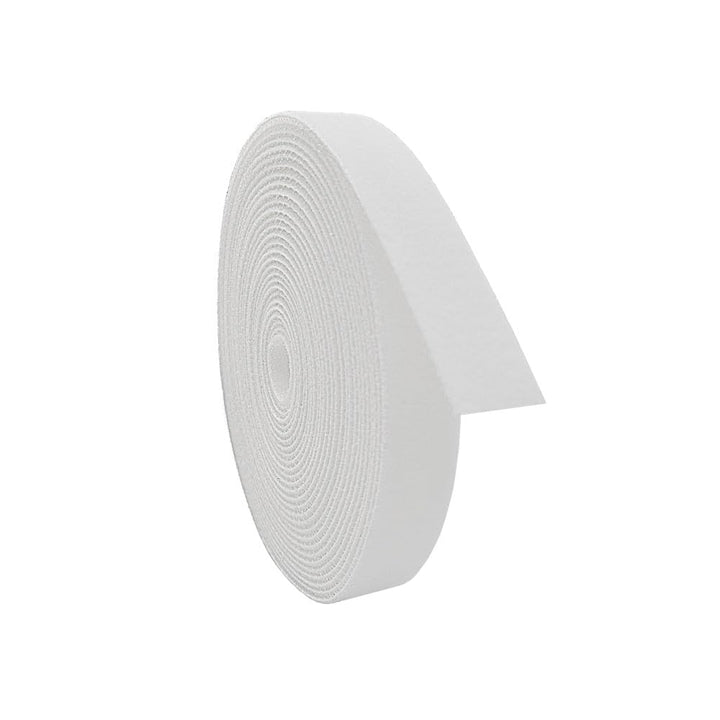 Kstar Beidseitiges Klettband 50mm x 4m in Weiss – Klett Kabelbinder Rolle zum Bündeln & Fixieren – Z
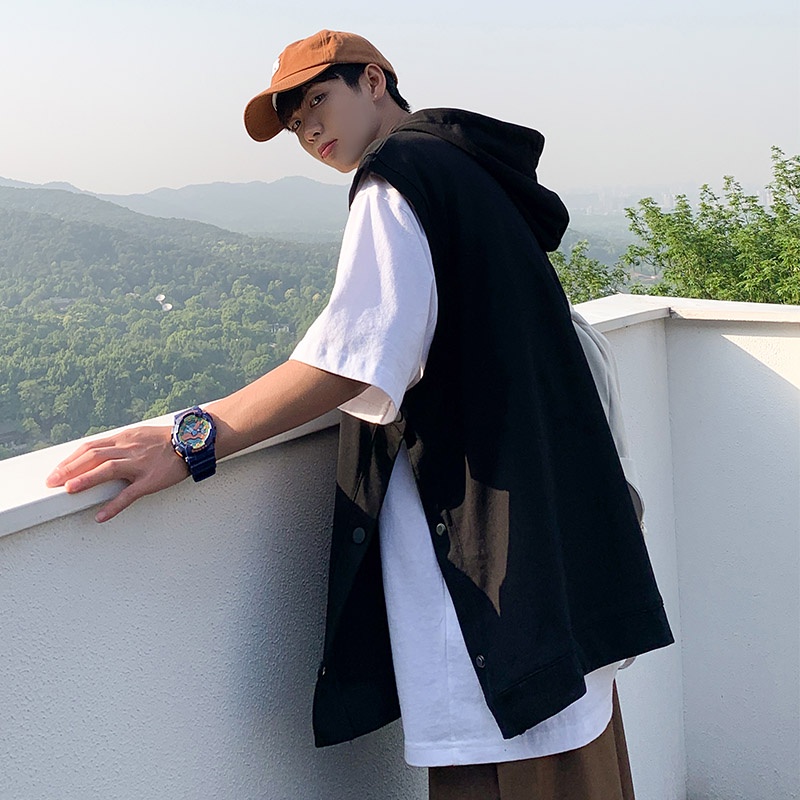 Áo thun nam có mũ trùm đầu mặc hè siêu cá tính, áo phông nam có mũ phong cách hip hop
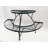 Black Semi-Circle Plant And Display Stand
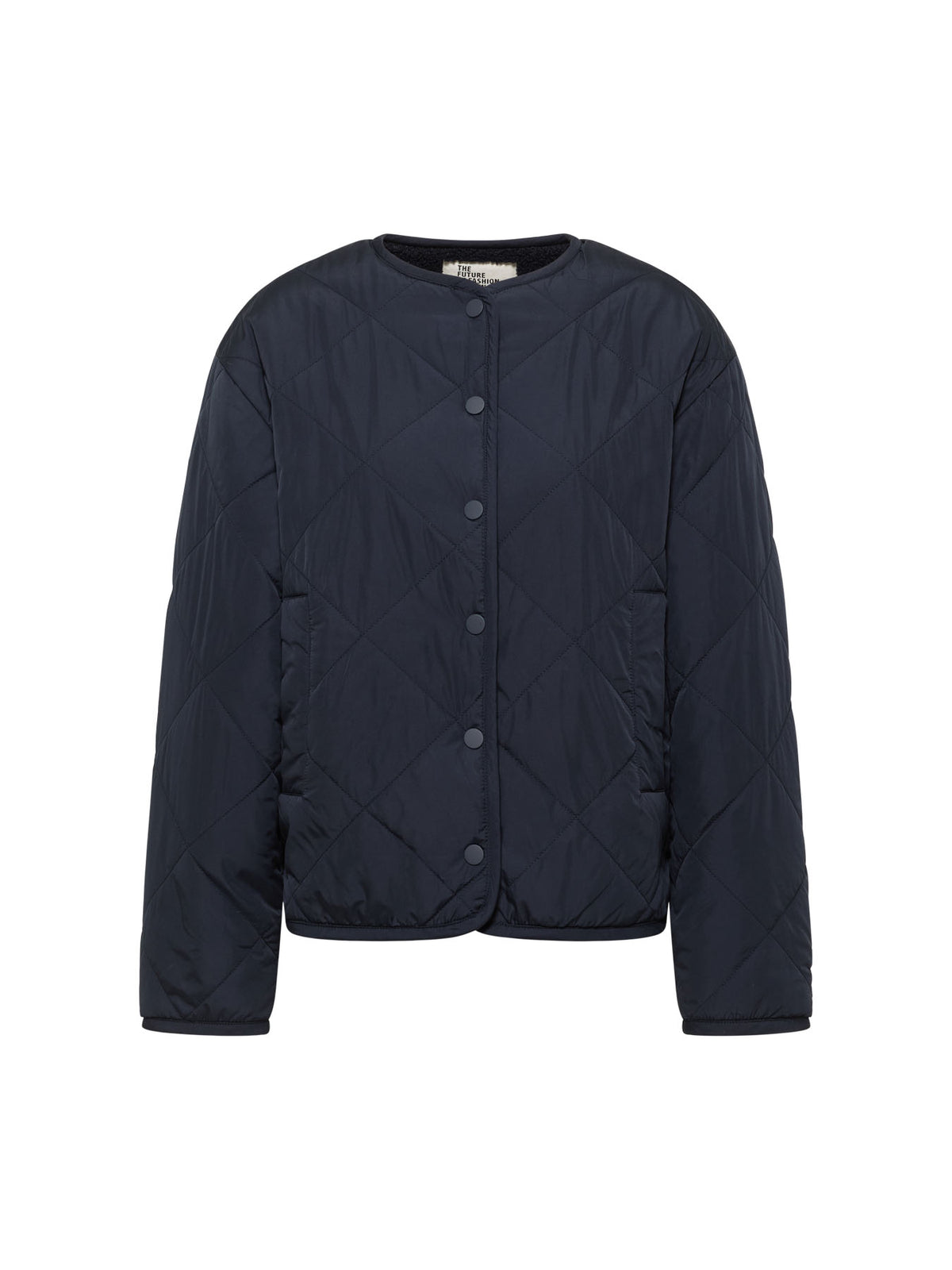Teddy-Steppjacke zum Wenden aus recyceltem Polyester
· · · · · · ·
Could you return the whole listing exactly, with every picture removed?

• [Task solution]
 Kstar Beidseitiges Klettband 50mm x 4m in Weiss – Klett Kabelbinder Rolle zum Bündeln & Fixieren – Z
 Áo thun nam có mũ trùm đầu mặc hè siêu cá tính, áo phông nam có mũ phong cách hip hop
 Black Semi-Circle Plant And Display Stand
Teddy-Steppjacke zum Wenden aus recyceltem Polyester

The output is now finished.